Topic of the Month:  With the signing of the FDA Food Safety Modernization Act, President Barack Obama and Congress have adopted the first comprehensive overhaul of the food safety program at the FDA. The overhaul will replace the reactive structure under which FDA responded to food safety problems—adulterated or misbranded foods already on the market—with a preventive mandate. The new structure provides the FDA with much greater oversight over the food industry, including requiring facilities to develop new food safety plans, to provide the agency with test results, and to register every two years. The law also gives greater incentives for the industry and importers to implement strong food safety programs. Internet subscribers to the Food, Drug, and Cosmetics Reporter may access a special “FDA Food Safety Modernization Act: Law, Explanations, and Analysis” for complete, practical, and easy-to-understand guidance on every provision of the law designed to make sense and apply the changes enacted in this bill.

I. Agency Developments

Tobacco products equivalence exemptions proposed
A proposed rule would establish procedures for tobacco manufacturers requesting an exemption from the substantial equivalence requirements of the Family Smoking Prevention and Tobacco Control Act (FSPTCA). The proposed rule would describe the process and statutory criteria for requesting an exemption and explain how the FDA would review requests for exemptions. Once finalized, the regulation will satisfy the requirement in the FSPTCA that the FDA issue regulations implementing the exemption provision. Specifically, the rule would provide that the FDA may exempt tobacco products that are modified by adding or deleting a tobacco additive, or increasing or decreasing the quantity of an existing tobacco additive, if the FDA determines that the modification would be a minor modification of a tobacco product that can be sold under the FDC Act. The proposed rule also explains that an exemption request maybe made only by the manufacturer of a legally, commercially marketed tobacco product for a minor modification to that manufacturer’s product.

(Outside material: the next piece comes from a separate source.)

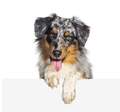 Australian Shepherd dog Panting mouth open with dangling paws over a blank white panel - PhotoDune Item for Sale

The  FDA is proposing this requirement because it believes that only the manufacturer of the product being modified will have, and be able to provide to the FDA, sufficient and complete information about the product and the proposed modification.  FDA Proposal, ¶46,162

Informed consent documents amended for data bank registry
Effective March 7, 2011, the FDA is amending the informed consent regulations to require that informed consent documents and processes for applicable drug (including biological products) and device clinical trials include a specific statement that clinical trial information will be entered into a data bank. The data bank, a clinical trial registry data bank maintained by the National Institutes of Health/National Library of Medicine was created by statute, along with a requirement regarding the submission of clinical trial information to this data bank. This amendment to the informed consent regulations is required by the Food and Drug Administration Amendments Act of 2007 (FDAAA) and is designed to promote transparency of clinical research to participants and patients. Sixty eight comments were received, including comments objected to adding any statements to informed consent documents about submitting information to the databank for a variety of reasons, including the objection that it lengthens already lengthy informed consent documents, exacerbating potential participants’ confusion and anxiety upon reading consent forms. The agency disagreed, finding that the revised language consisted of four short sentences, which will minimally impact a potential subject’s reaction to a consent form. The cost analysis concluded that the compliance cost of the proposed rule per trial protocol would range from $611 to $1,061. FDA Order, ¶40,414

II. Drug and Biologics Developments

Electronic source documentation in clinical investigations guidance issued
A draft guidance outlining the FDA’s recommended procedures for ensuring the reliability, quality, integrity, and traceability of electronic source data was published by the agency. Titled “Electronic Source Documentation in Clinical Investigations” the document provides guidance to sponsors, contract research organizations (CROs), data management centers, and clinical investigators on capturing, using, and archiving electronic data in FDA-regulated clinical investigations. When paper source documents are available for review, tracing of data in paper-based studies can be easily performed, however, when source data is electronic, the data is traced through complex data capture, transmission, and archival processes. Topics that relate to electronic source data are discussed in the draft guidance, including: (1) the identification of the data element as the basic unit of information in the electronic case report form; (2) the description of a source of each data element; (3) information about the electronic creation, modification, transmission, and storage of source data and documents; and (4) investigator responsibilities with respect to reviewing and archiving electronic data.. FDA Notice, ¶42,081

Reduction in acetaminophen dosage strength implemented
The maximum dosage unit strength of acetaminophen in prescription drug products will be reduced by the FDA to increase the margin of safety to prevent liver damage caused by an overdose of acetaminophen. The FDA will require mandatory safety labeling changes that will include a new boxed warning, for acetaminophen-containing prescription drug products to warn consumers of the potential risk for liver damage. Sponsors of approved prescription drug products that have more than 325 milligrams (mg) of acetaminophen will have until January 14, 2014, to withdraw the approval of the product's application or be subject to sanctions.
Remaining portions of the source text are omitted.